**Speaker**：**Cuibo Jiang**

**Abstract**:

We give a complete classification and characterization of OZ-type vertex operator algebras generated by Ising vector of $\sigma$-type. Furthermore we prove that all these vertex operator algebras are rational, $C_2$-cofinite and unitary, with which we prove that the classification theorem of 3-transposition groups $G_{\frac{1}{2},\frac{1}{2}}$ realizable by vertex operator algebras, given by Matuo, still holds without the positivity assumption. This is a joint work with Ching-Hung Lam and Hiroshi Yamauchi.
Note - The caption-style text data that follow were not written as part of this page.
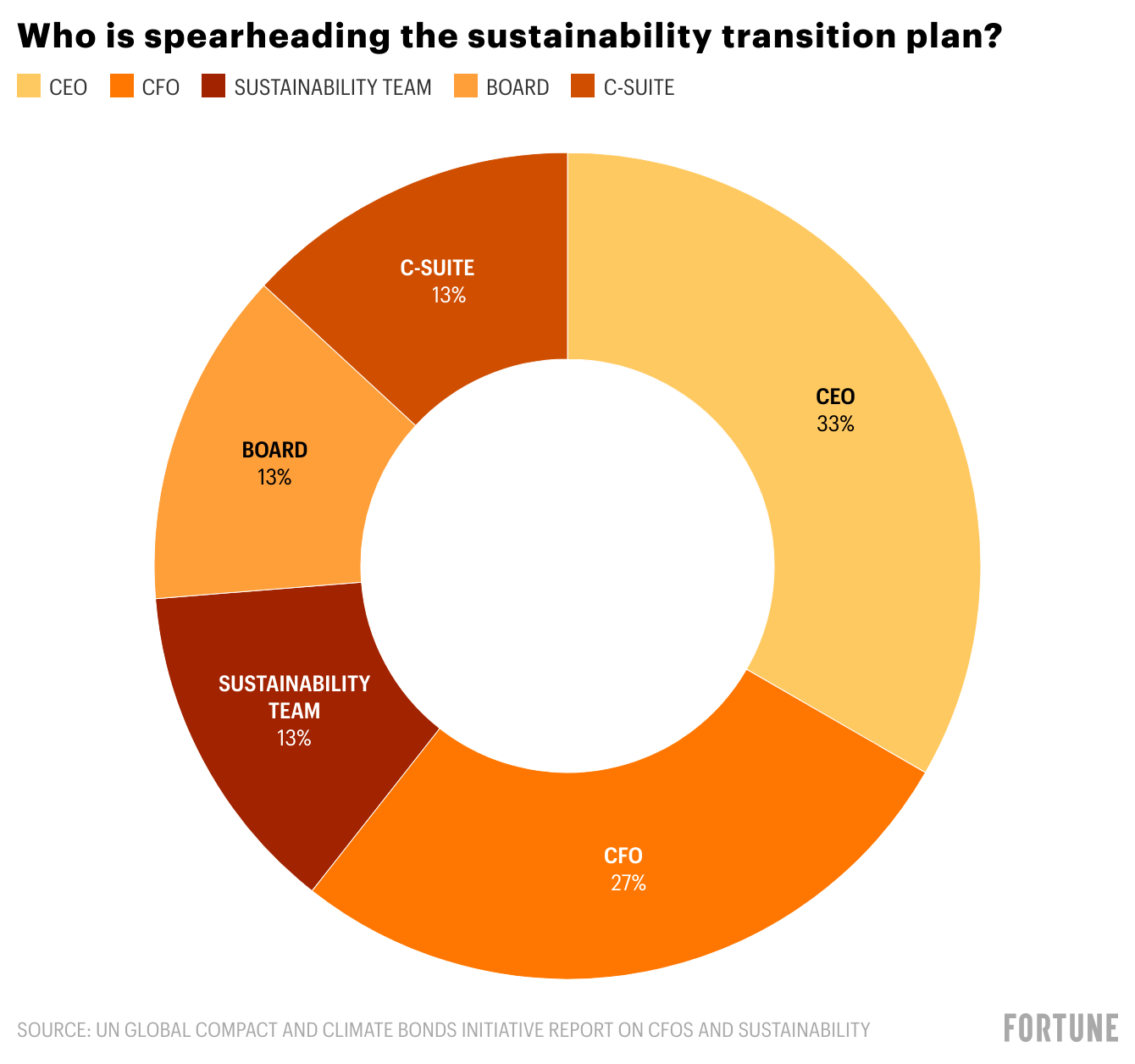 30 CFOs at global companies weigh in on how they are leading the ...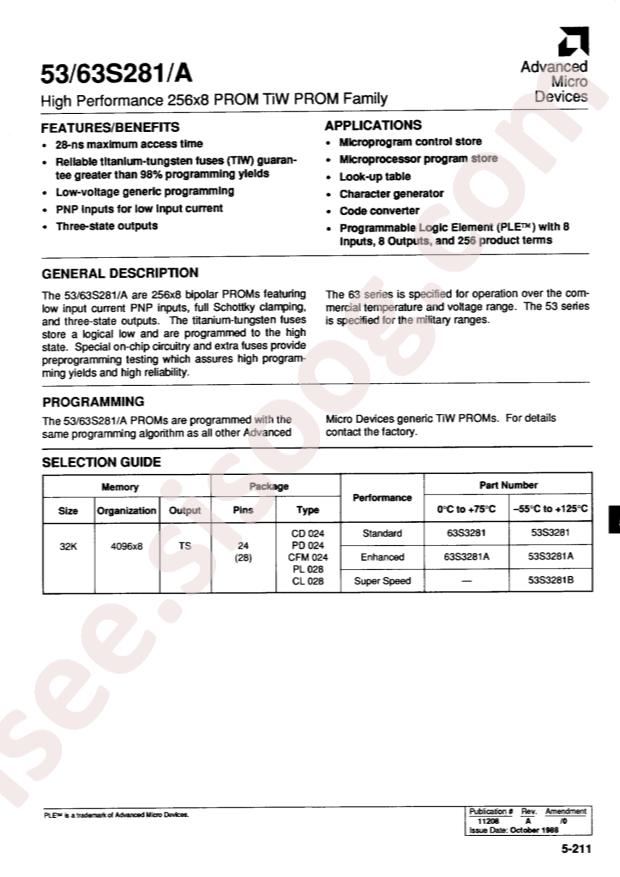 AMD 63S281ANL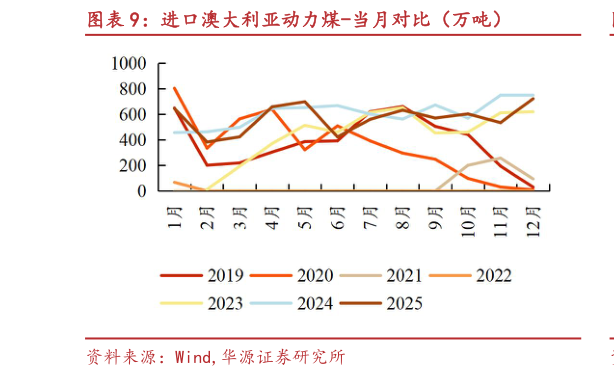 如何看待进口澳大利亚动力煤-当月对比（万吨）
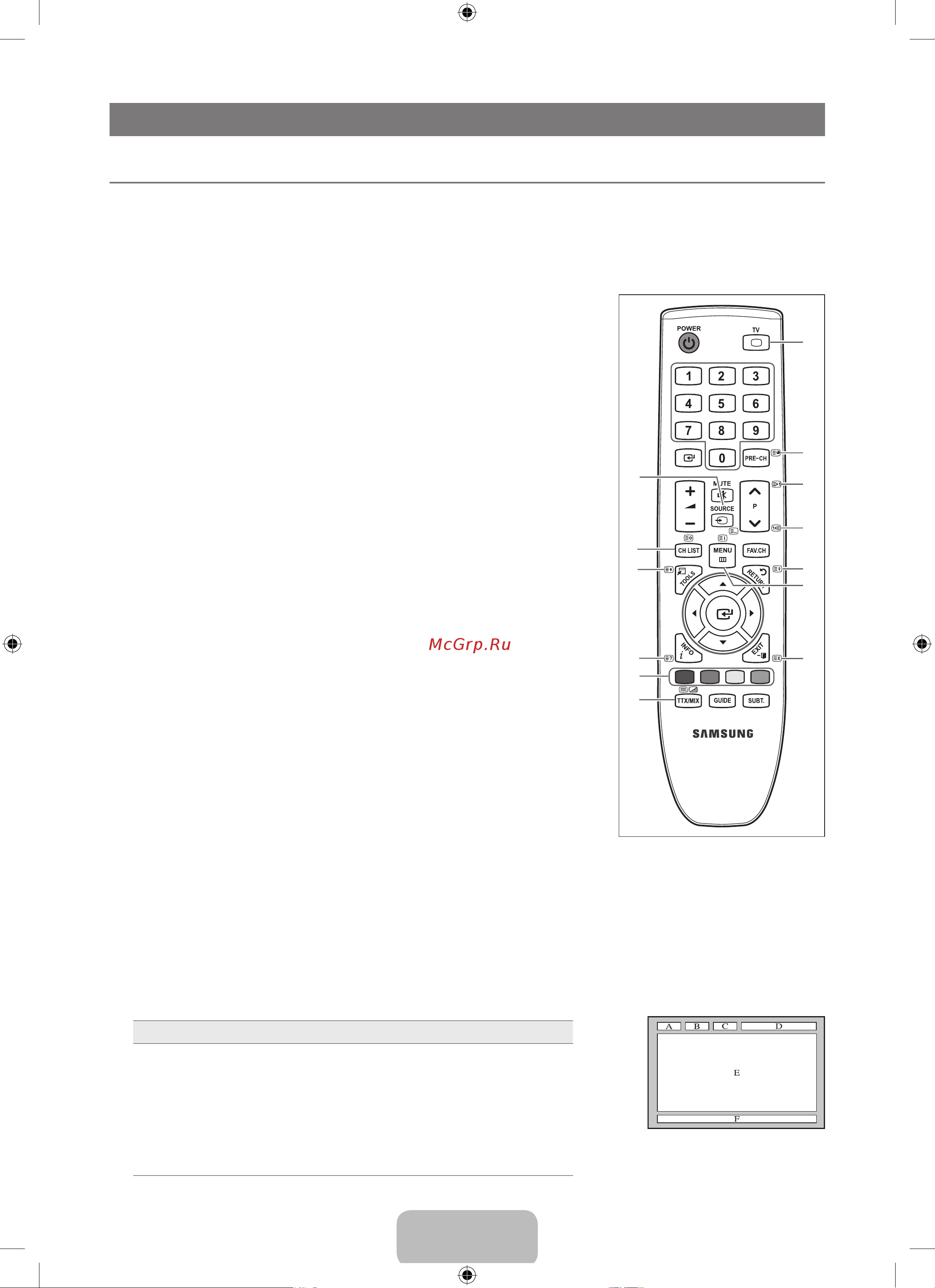 Samsung LE-26 B450C4 [27/30] Рекомендации по использованию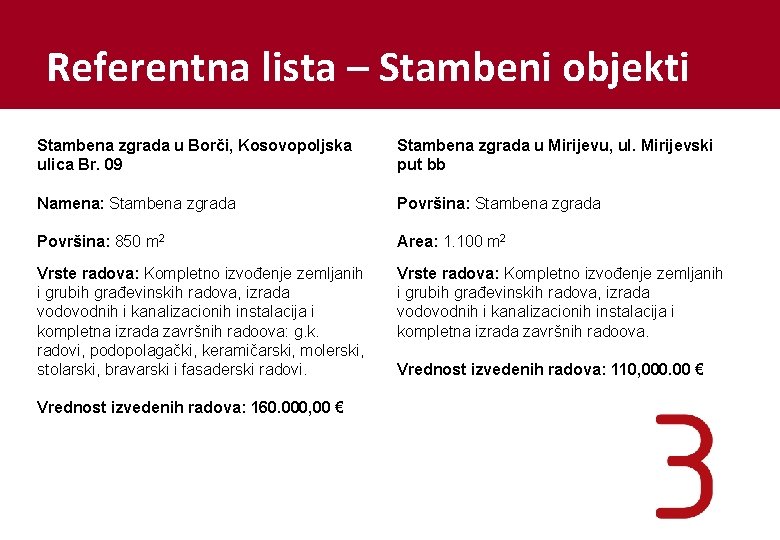 Referentna lista – Stambeni objekti Stambena zgrada u Borči, Kosovopoljska ulica Br. 09 Stambena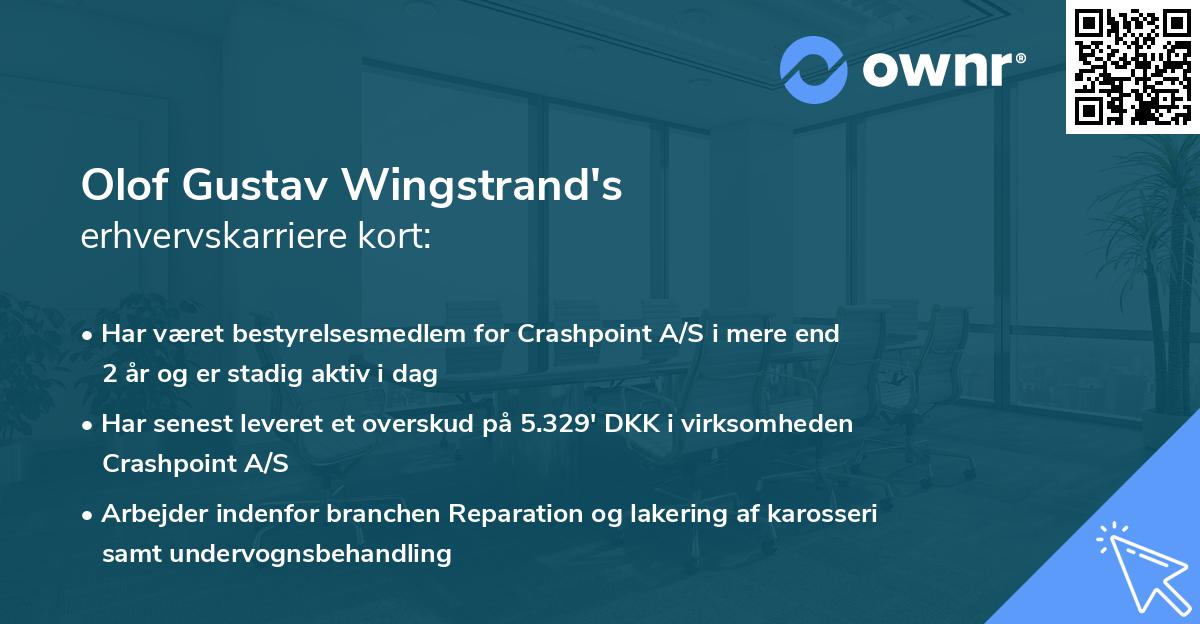 Olof Gustav Wingstrand's erhvervskarriere kort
**Time: ****January 10**^{th}15:00

**Venue：****Lecture Hall,Beiyan, School of Mathematics and Statistics**

**Speaker Introduction:**

Cuibo Jiang is a professor in the School of Mathematics Science, Shanghai Jiao Tong University. He mainly studies vertex operator algebra and theory of Lie algebra. He has published more than 40 papers in Adv. Math., Math. Z., J. Alg., Bull. Inst. Math. Acad. Sin. , Comm.Math.Phys., J. Math. Phys., Proc. London Math. Soc., Trans. AMS., Contemp. Math., and other international academic journals . He has presided 8 NSFC Projects.